The incipits, which were intended to help the musicians to understand each other, are not written under the individual notes. The Melodiarium and the better-known Tabulatura Vietoris contain songs that are somehow familiar to us: 'Dobra noc mila' [Goodnight, my love], 'Chtycz aby spal' [Wanting him to sleep], 'O Gezyssy negsladssy' [O, where are you my sweetheart?]. Unlike the musical abstraction of the notation, the Tabulatura is the mechanical transfer of music into the motion of the fingers, touch. By means of its initially unclear structure, one can get to the point where the old music speaks 'through the fingers'. The Melodiarium relied on an intimate knowledge of themes, ornaments and improvisation. In their precision, our later sources are now but a mere record, the deadening of a once live process.

The archives of the lute tablatures and collections from Levoca - the Codex Vietoris and the Lutheran Cithara sanctorum (1636), compiled by the Moravian priest Juraj Tøanovsky in the Orava region - exhibit the influence of what was then German-speaking Galicia. The first master of the Protestant school, Leonard Cox, came from Krakow. He played the lute, an accessible, widespread instrument, which at the time was part of the equipment of every gentleman and scholar. In the late Renaissance, pilgrims on their way to Santiago de Compostella and Monserrat also brought news and novelties with them. They were accompanied, at a distance, by gypsy musicians with their remarkable memory, virtuosity and ability to imitate foreign styles - that was the spiritus agens of the songs (for instance, 'Janicko susedov' [Janko from Next Door]), reminiscent of Sephardic melodies. After the battle of Mohacs (1526), the territory of what is today Slovakia fell to the Habsburgs. The languages spoken there were various dialects of Slovak, Hungarian, German and Czech. The liturgy was in Latin, though Prince Pribina of Nitra, a thousand years before, had introduced the liturgy in the vernacular of the early Slavs. The first Czecho-Slovak grammar (1745) by Dolezal has a Latin introduction - in praise of Slovak. The serious music of Baroque and Classical periods made its way into Czech folksongs. The serfs, apart from their usual duties, played in the orchestras of the manors of the nobility. Slovak and Moravian ballads were heard intact in their original milieu - that is to say, in the meadows and mountains and at flax-spinning and weddings.
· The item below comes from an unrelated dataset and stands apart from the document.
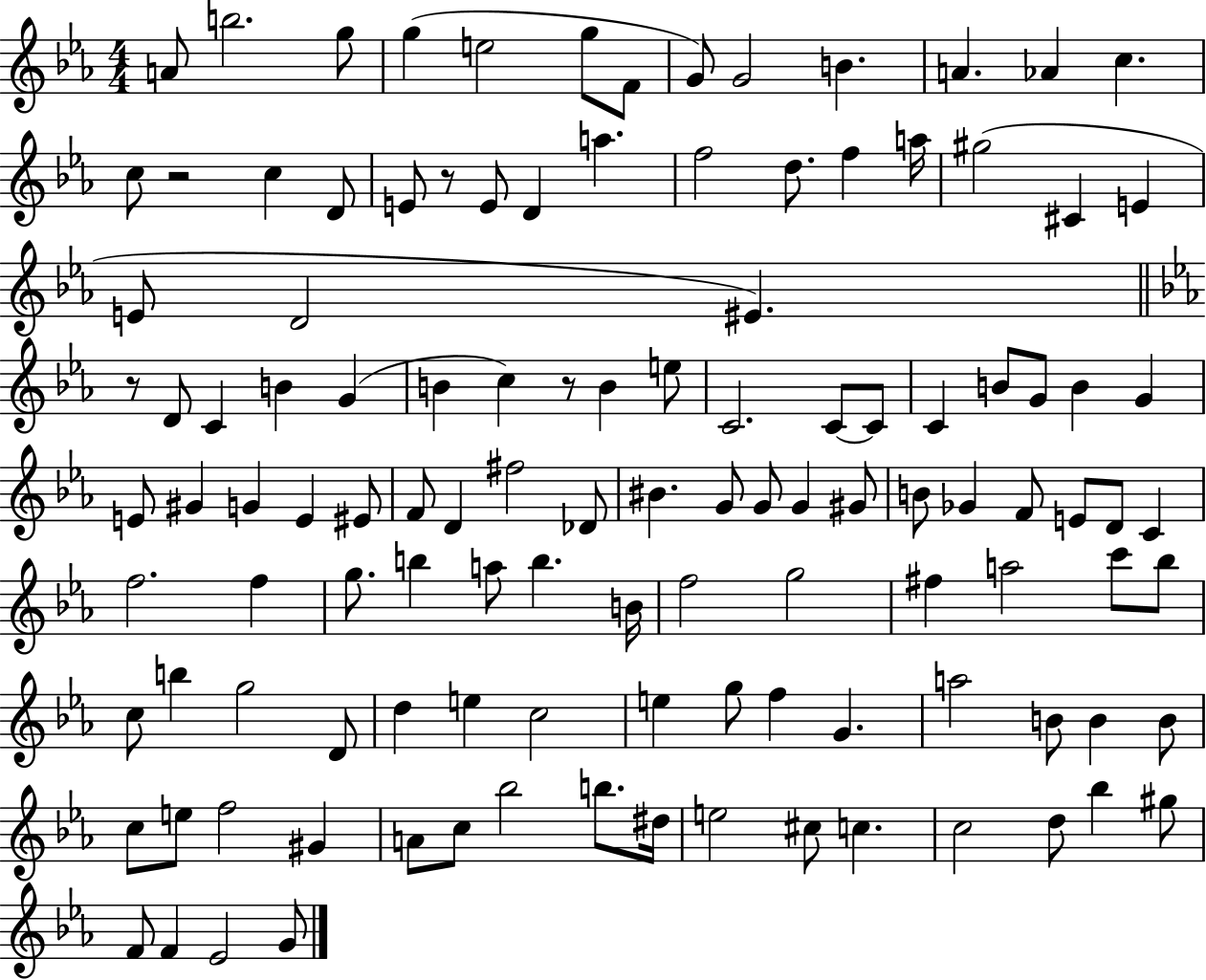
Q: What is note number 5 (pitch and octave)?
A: E5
In the instrumentation used here, we have intuitively emulated an orchestra one would find in Levoca or Kremnica - lute, viola and gamba. Somehow I ended up with a Croatian brac, a Hungarian folk psaltery and a Turkish oboe. I realized one could even play these songs finger-style on an electric guitar, softly, without effects. Whisks make jugs, a zither and bowls ring out.
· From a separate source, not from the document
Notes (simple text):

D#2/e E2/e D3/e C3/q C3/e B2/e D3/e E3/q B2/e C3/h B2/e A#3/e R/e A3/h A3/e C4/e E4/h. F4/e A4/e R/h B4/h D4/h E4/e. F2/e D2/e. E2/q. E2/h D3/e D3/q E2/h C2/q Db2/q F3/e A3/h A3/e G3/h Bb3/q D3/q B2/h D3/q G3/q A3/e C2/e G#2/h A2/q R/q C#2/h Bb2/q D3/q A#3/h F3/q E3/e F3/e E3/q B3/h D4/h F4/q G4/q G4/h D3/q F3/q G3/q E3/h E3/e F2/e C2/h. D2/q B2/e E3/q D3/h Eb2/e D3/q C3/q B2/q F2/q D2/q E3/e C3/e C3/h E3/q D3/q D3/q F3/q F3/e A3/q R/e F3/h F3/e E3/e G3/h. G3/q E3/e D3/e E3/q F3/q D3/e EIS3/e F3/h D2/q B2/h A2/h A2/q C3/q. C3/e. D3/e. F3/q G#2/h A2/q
We generally include Slovak ballads in our concert programmes, which otherwise consist of Sephardic and Moravian songs and the songs of the Elizabethan maestro John Dowland. We travel to the centre-point from where the power and expansive energy of the isolated human voice spring forth. The spiral, leading to the centre, leading the pilgrim enlightened by knowledge, is one of the symbols of the ancient cultures of our ancestors, missionaries and Medieval Hungarian minstrels known as the igric.

We don't wish to impose any solution to the musical riddles of this labyrinth on the listener. In the development of the ballad, a century is but a breath between two tones.